Ms Chacala said she was worried about the effect of the chlorine on her children Sienna (1), Luciana (3) and Juliana (5).

"There should be a system in place that automatically warns when there is a problem like this. It has happened before, where there has been a strong smell from the water," she added.

Ms Chacala said one reason she had opposed water charges was issues regarding the water quality in the area.

"Water is a right. I'm looking at how I can make a formal complaint about this," she said.

Local Fianna Fáil councillor Damien O'Reilly has been working with residents to bring the issue to the attention of Irish Water. "I am deeply concerned about this. People had been bringing this to attention over the weekend and only now has a warning been issued.

"We need to be told why it took so long for Irish Water to identify the problem," he said.

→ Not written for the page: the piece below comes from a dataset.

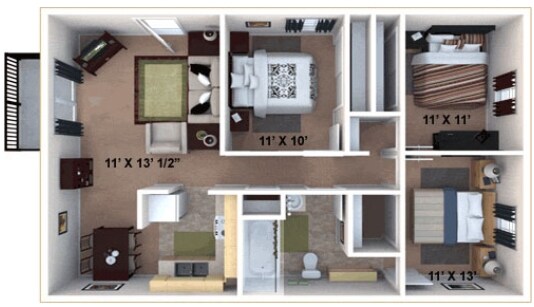 3BR/1BA - Shenandoah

His party colleague, TD Thomas Byrne, said a "full explanation" was needed from Irish Water swiftly. He said the townlands affected by the 'no drink and no wash' warning include: Kilcloon, Moygaddy, Killeany, Kilgraigue, Harristown, Brownstown, Ballynare, Butlerstown, Staffordstown, Brownrath, Blackhall Little, Waynestown, Harlockstown, and Ballymacoll in Co Meath.

"It is not yet clear as to how elevated chlorine levels occurred. We need an urgent explanation for the illnesses and injuries already suffered by local residents in the Kilcloon area," Mr Byrne said.

Irish Water last night said it had not been contacted about any incidents of sick children.

But it reiterated that customers must not drink the water, use it for food preparation or wash in the water until further notice.

"Customers are advised to draw down water from attic/storage tank, customers should flush toilets or run bathroom taps intermittently," a spokesperson said. "As tanks refill, chlorine levels in the storage tank will return to normal."